■ TASK REQUIREMENTS: Copy out the entries word for word, leaving images aside.

Data extracted from a collection:
* * *

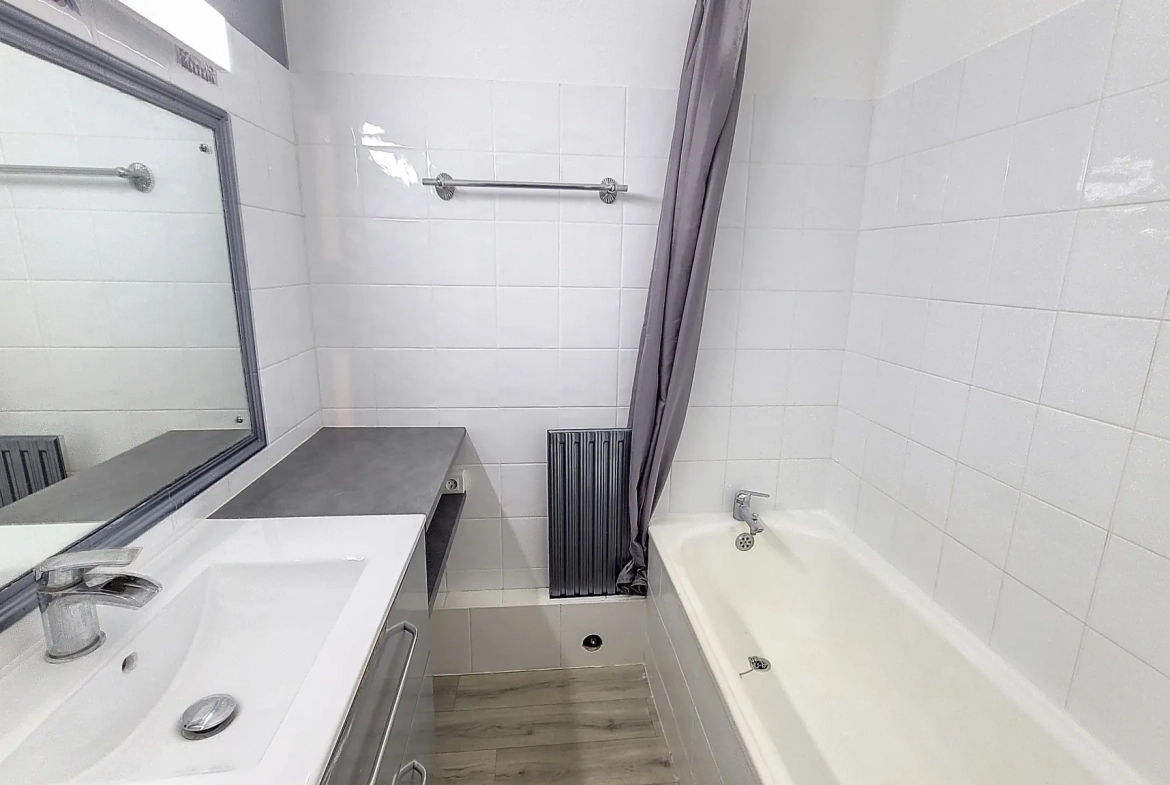 Appartement T4 à Irigny de 77 m² avec parking et cave - Résidence sécurisée 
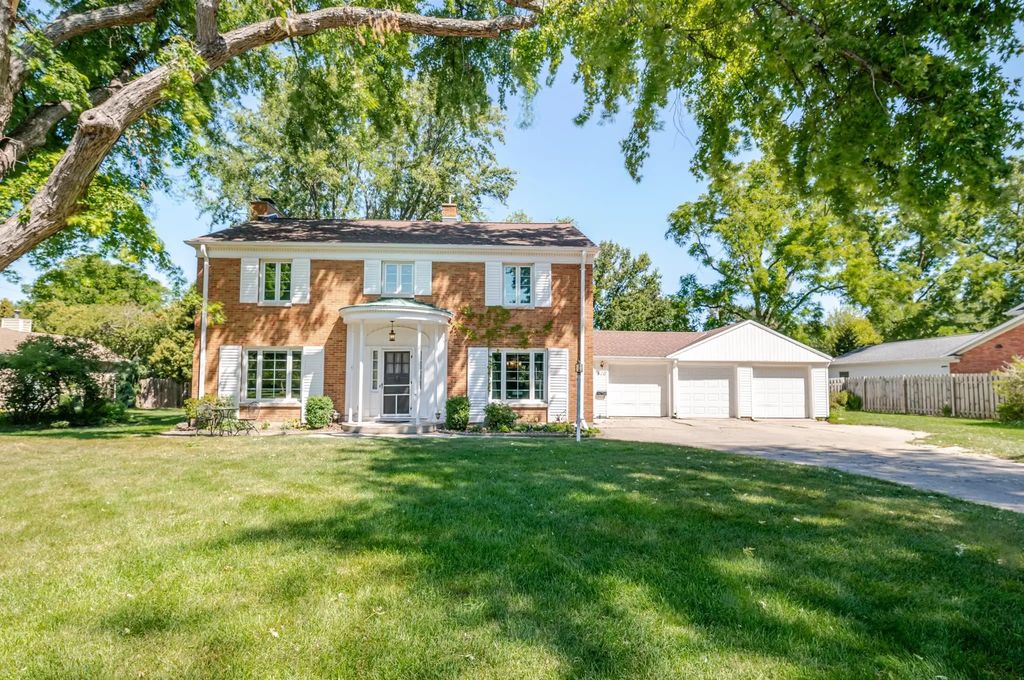 416 Arrowhead Drive, GREEN BAY
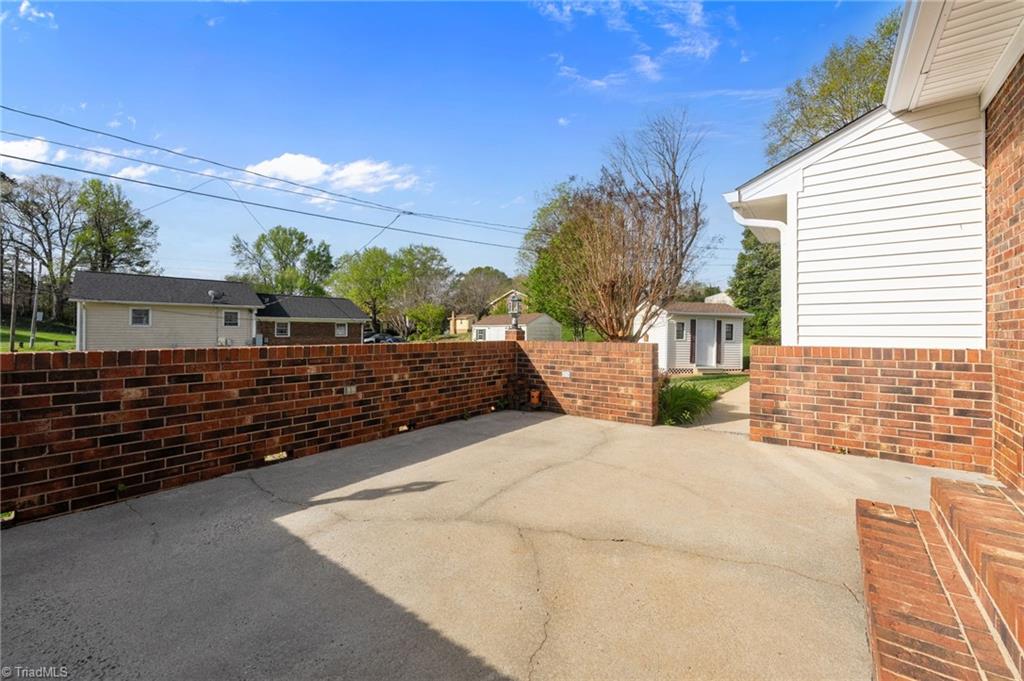 403 Eden Court Graham, NC 27253 - Photo 17 of 21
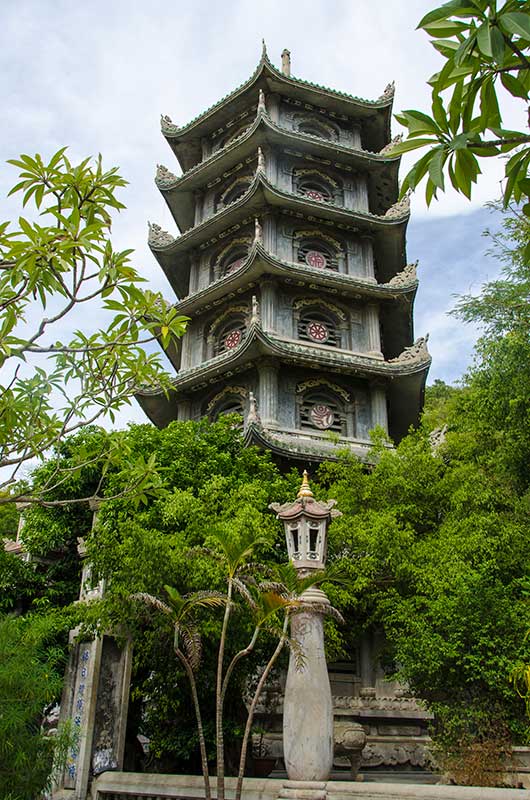 423 - Vietnam - Danang - Thuy Son - pagoda de Linh Ong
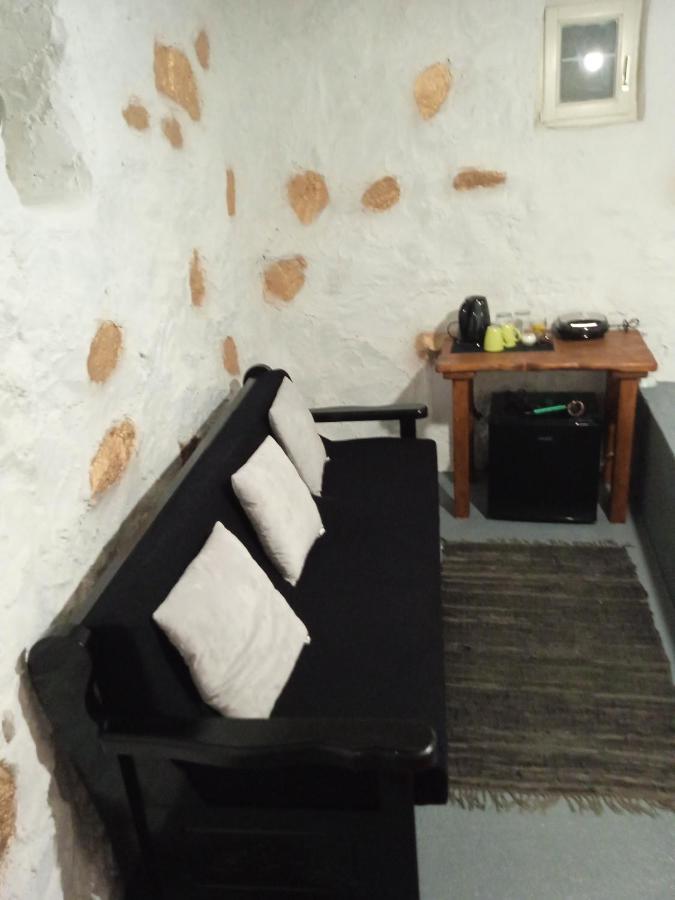 Pyrgi Artemis Place Mykonos Town ภายนอก รูปภาพ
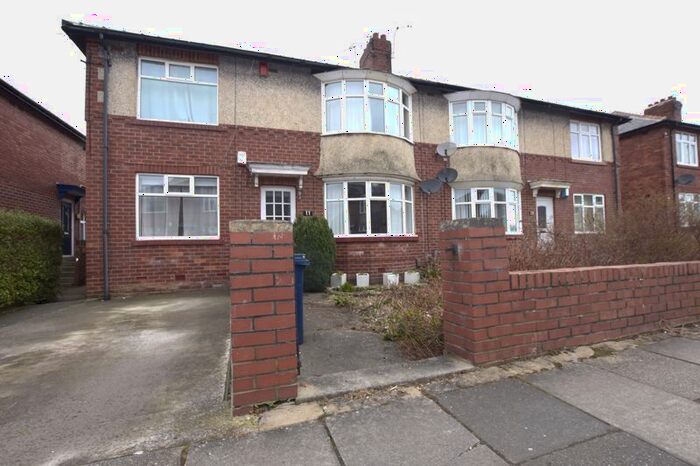 2 Bedroom Flat For Sale In Guelder Road, High Heaton, NE7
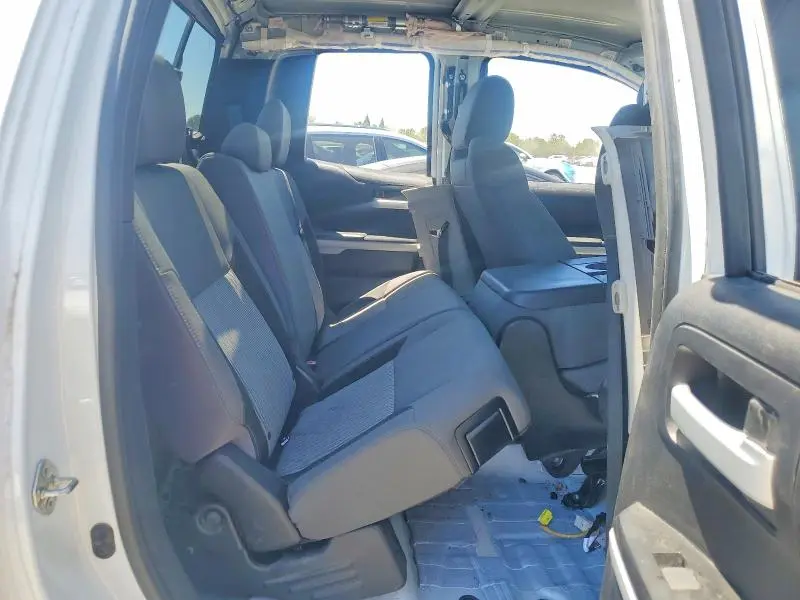 2017 TOYOTA TUNDRA SR5  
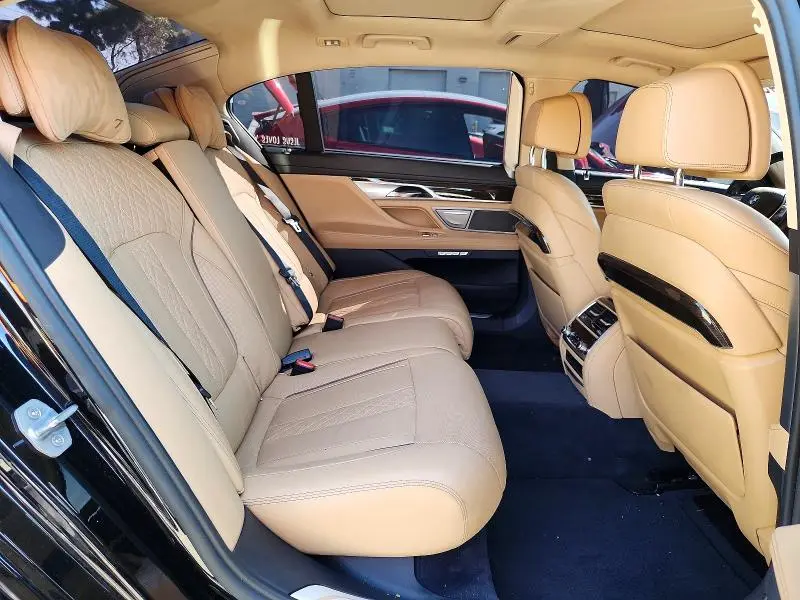 2016 BMW 750 I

* * *

■ SOLUTION TO THIS TASK:
 Appartement T4 à Irigny de 77 m² avec parking et cave - Résidence sécurisée 
 416 Arrowhead Drive, GREEN BAY
 403 Eden Court Graham, NC 27253 - Photo 17 of 21
 423 - Vietnam - Danang - Thuy Son - pagoda de Linh Ong
 Pyrgi Artemis Place Mykonos Town ภายนอก รูปภาพ
 2 Bedroom Flat For Sale In Guelder Road, High Heaton, NE7
 2017 TOYOTA TUNDRA SR5  
 2016 BMW 750 I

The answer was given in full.